Meeting changes: The dominant difference in LeSS framework–1 is the behavior of Scrum meetings, driven by coordination needs. This is illustrated in Figure–1 and explained next:

  1. Sprint Planning Part 1: One meeting, and same maximum duration: one hour per week of Sprint. Rather than all team members participating, limit it to two members per team, plus the one overall Product Owner. Let team representatives self-manage to decide their division of Product Backlog Items, although if “competition” the PO can break a tie. End with the partial-teams identifying dependencies (perhaps with a dependency matrix) between items and discussing coordination.
  2. Sprint Planning Part 2: Independently (and usually parallel) per Team, though sometimes a member of Team-A may observe Team-B’s meeting and make suggestions when there is a coordination issue between the teams.
  3. Daily Scrum: Independently per Team, though a member of Team-A may observe Team-B’s Daily Scrum, to increase information sharing.
  4. (addition) Inter-team coordination meeting: Several times per week, team representatives may hold an Open Space, Town Hall Meeting, Multi-Team Daily Scrum, or Scrum of Scrums, to increase information sharing and coordination.
  5. (addition) Joint Light Product Backlog Refinement: Maximum duration: 5% of Sprint. Only two representatives per team. Splitting, analysis, and estimation for soon-to-develop Product Backlog items. Analysis is lightweight; for example, if using Specification by Example, only three examples per item. Note that the cross-team estimation ensures a common baseline for estimation across teams. Note that this meeting increases product-level learning and team agility – the ability of any team to take on any PBI.
  6. Product Backlog Refinement: For this mid-Sprint meeting preparing for future Sprints, for co-located teams, hold this at the same time in one big room with all team members; each team facing a separate wall with their own learning tools (whiteboards, projectors, …). Apply rotation writing and other large-group workshop techniques so that all members across all teams are eventually exposed to analyzing all items, which is critical for more team flexibility.
  7. (optional addition) In-Sprint Item Inspection: When possible, informally seek out early feedback from the PO or other stakeholders on finished Product Backlog items as soon as possible during the Sprint, to reduce the inspection and discussion that would otherwise be required at the Sprint Review; this does not eliminate the Sprint Review.
  8. Sprint Review: One meeting, and same maximum duration: one hour per week of Sprint. Limit it to two members per team, plus the Product Owner and other stakeholders. Rather than only a common inspection of the running Potentially Releasable Increment, consider a “bazaar” or “science fair”-style phase during the middle of the Review: a large room has multiple areas with computers, each staffed by team representatives, where the features developed by a team are shown and discussed. In parallel, stakeholders visit areas of interest and team members record their feedback. However, begin and end the Sprint Review with everyone in a common discussion, to increase overall feedback and alignment.
  9. Team Retrospective: Independently per Team; no change.
  10. (addition) Joint Retrospective: Maximum duration: 45 minutes per week of Sprint. Since the Team Retrospective ends the Sprint, this Joint Retrospective is held early in the first week of the subsequent Sprint. ScrumMasters and one representative of each Team meet to identify and plan improvement experiments for the overall product or organization.

Agility Across Teams

Notice that LeSS increases learning across teams; most can flexibly do any Product Backlog item. This is in contrast to “team A can only do A-type work”, and critical for agility when scaling, so that teams are responsive to change, and all can focus on the highest-value work, rather than constrained by single specialty. Remember: agile development is for agility (flexibility) over locally-optimized efficiency.

Coordination

When scaling, a dominant issue is coordination. In traditional scaling, this is (poorly) handled with major upfront “fixed” specifications and planning, private-code component teams, and extra managers. In scaling agile development, coordination is handled more by increased coordination in shared code and self-organizing teams. Besides meetings, what other coordination elements are in large-scale Scrum?
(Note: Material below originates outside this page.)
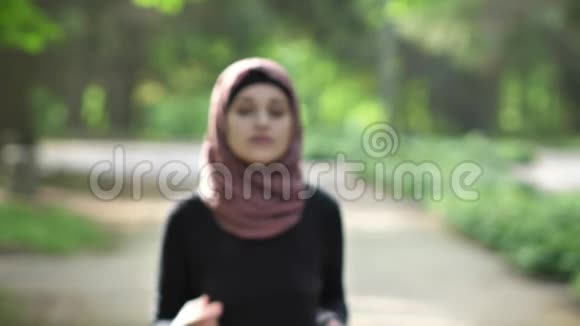 一个年轻女孩在头巾的框架内奔跑的肖像关于自然在一个公园的背景50英尺视频的预览图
  • Continuous integration: All code, across all teams, is integrated continuously (many times per day) and verified with automated tests, with a “stop and fix” culture of rapidly fixing a broken build.
  • Internal open source: Rather than private-code components and “component teams”, there is collective code ownership or “internal open source.” Many open-source practices apply, such as standard coding style.
  • Feature teams: Scrum feature teams develop end-to-end “vertical” customer-centric features across all shared code.
  • Communities of practice (CoPs): To handle cross-team concerns (architecture, user experience, standards, …) CoPs are established (and all that implies), with membership from the Scrum teams (not from external people). For example, a Design/Architecture CoP for the key concern of good design at scale; this is not composed of a separate “architecture group”, but by volunteering regular Scrum team members with the skill and passion.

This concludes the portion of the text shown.